The Environmental Protection Agency’s senior counsel has resigned amid turmoil inside the agency while Administrator Scott Pruitt attempts to fend off multiple scandals.
Sarah Greenwalt, a close aide to Pruitt who worked with him when he was Oklahoma’s attorney general, is leaving the agency, according to the Washington Post and New York Times.
Her resignation comes as another top Pruitt staffer, Millan Hupp, his director of scheduling, resigned from the agency after telling a congressional committee that she was asked by Pruitt to obtain a used mattress from the Trump International Hotel in Washington.
Greenwalt attracted notice for receiving a more than 52 percent pay raise, from $107,435 to $164,200, from the EPA, which the agency gave by invoking a little-used statute despite the White House’s disapproval. Pruitt later reversed the raise after being criticized. Hupp, who also followed Pruitt from Oklahoma, had her raise revoked as well.
The EPA did not respond to a request for comment.
Greenwalt and Hupp are among the EPA staffers who have interviewed with the House Oversight and Government Reform Committee as part of its probe over Pruitt’s spending and ethics.
Their resignations are the latest high-level departures of aides close to Pruitt.
Liz Bowman, the top communications staffer at the EPA, left the agency last month.
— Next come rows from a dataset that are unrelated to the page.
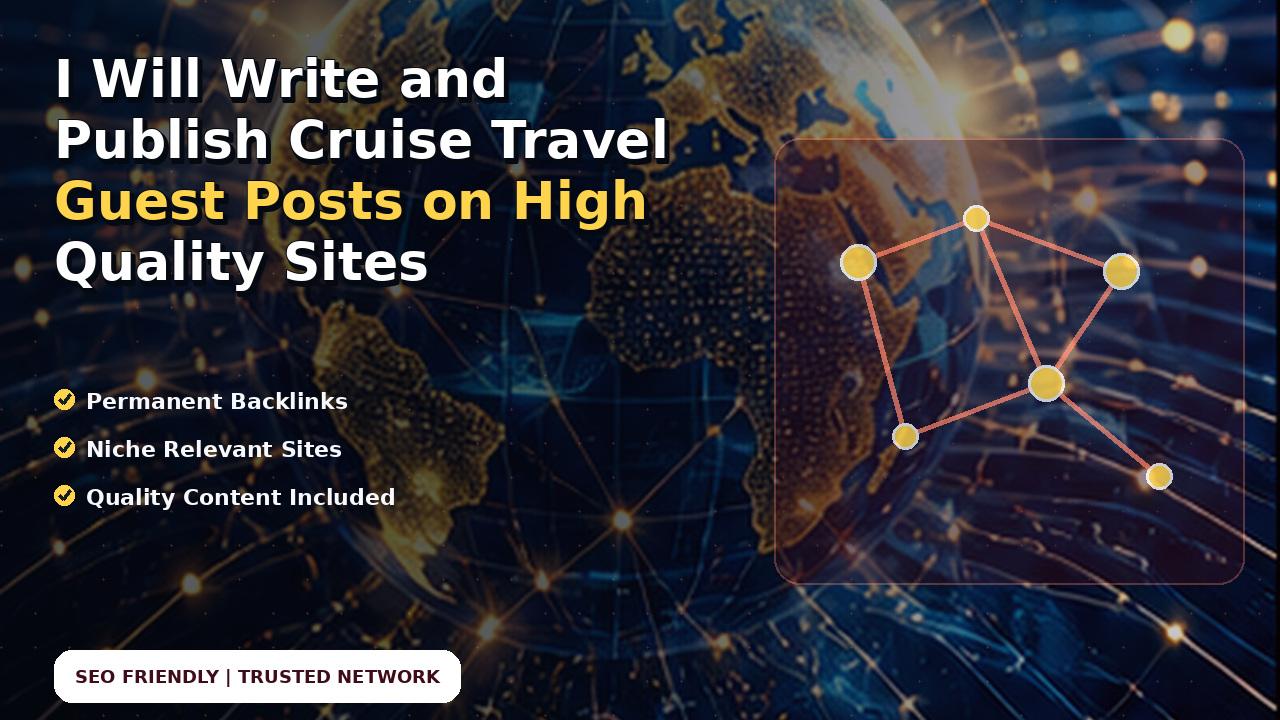 I Will Write and Publish Cruise Travel Guest Posts on High Quality Sites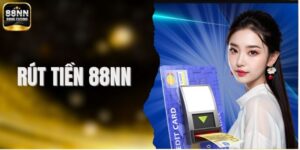 Rút Tiền 88NN - Thực Hiện Giao Dịch Đơn Giản Cho Người Mới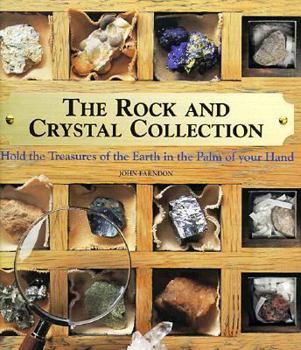 Paperback The Rock and Crystal Collection Kit: Hold the Treasure of the Earth in the Palm of Your Hand [With Rock and Crystals] Book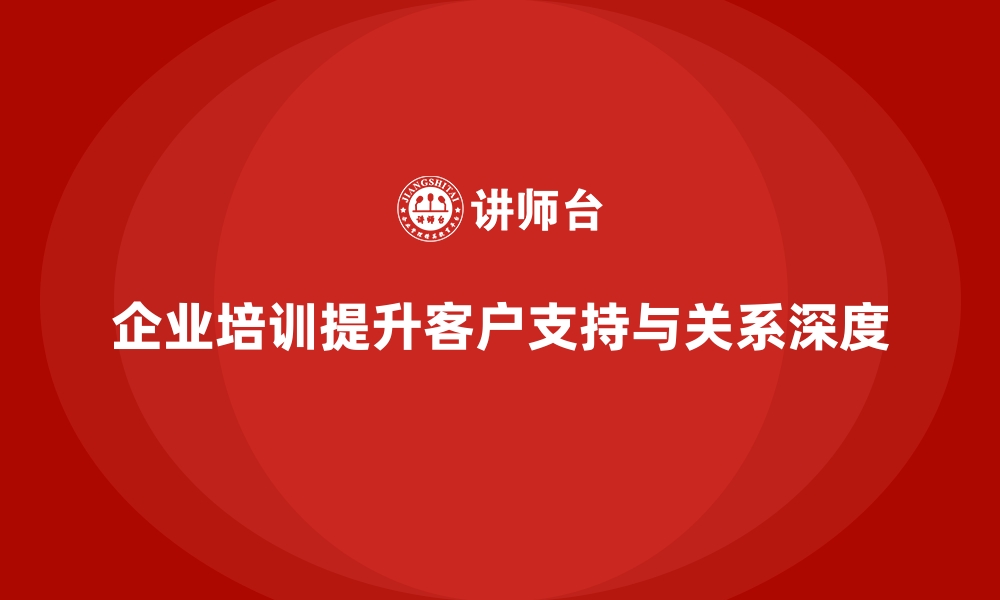 文章企业培训如何帮助员工提升客户支持能力，提高客户关系深度？的缩略图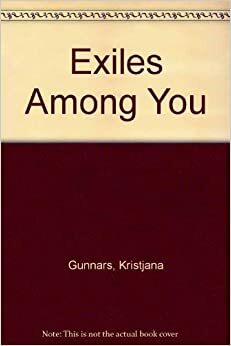 Exiles Among You by Kristjana Gunnars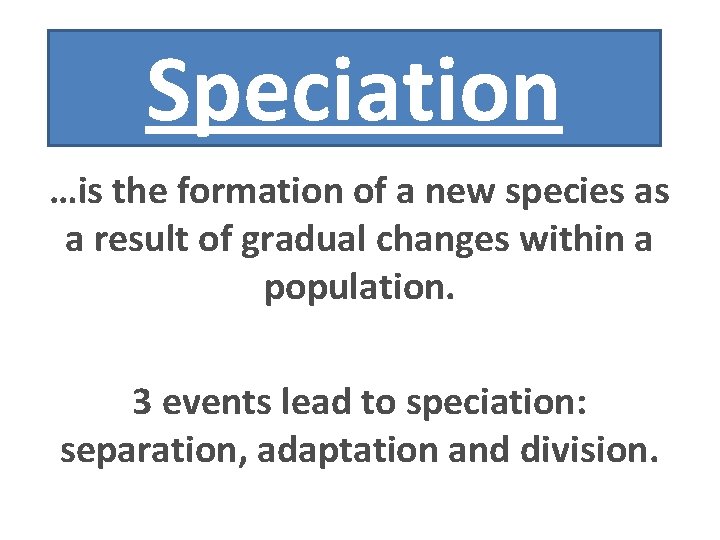 Speciation …is the formation of a new species as a result of gradual changes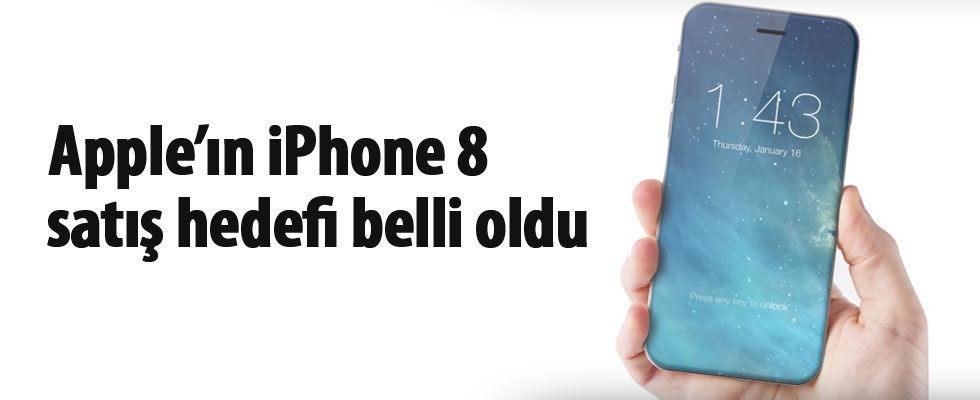 Apple’ın iPhone 8 satış hedefi belli oldu
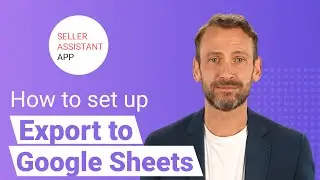 How to set up Export to Google Sheets in Seller Assistant App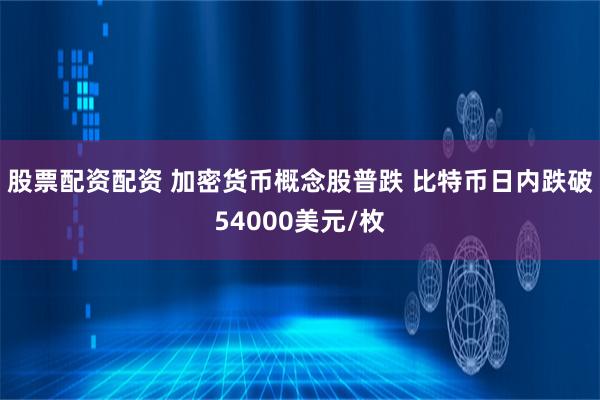 股票配资配资 加密货币概念股普跌 比特币日内跌破54000美元/枚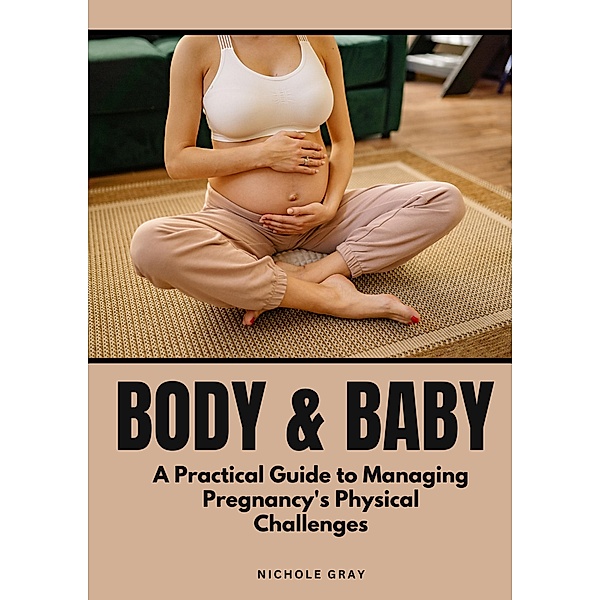 Body & Baby: A Practical Guide to Managing Pregnancy's Physical Challenges, Nichole Gray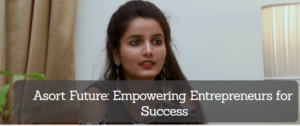 Read more about the article Asort Future: Empowering Entrepreneurs for Success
The EPA also recently announced the departures of Albert “Kell” Kelly, who led the agency’s Superfund program that helps clean up hazardous sites, and Pasquale “Nino” Perrotta, the head of Pruitt’s security detail, a major figure and witness in federal probes of Pruitt.
Pruitt, in testimony before Congress, has downplayed his role in various spending, hiring, and security decisions at the agency, mostly blaming career and political staff who work under him. Pruitt’s deflecting of responsibility has damaged morale, sources tell the Washington Examiner, leading to a flood of departures.
Despite the developments, President Trump reiterated his confidence in Pruitt Wednesday while at a Cabinet meeting at the Federal Emergency Management Agency.
“EPA is doing really, really well,” Trump said. “Somebody has to say that. You know that, Scott.”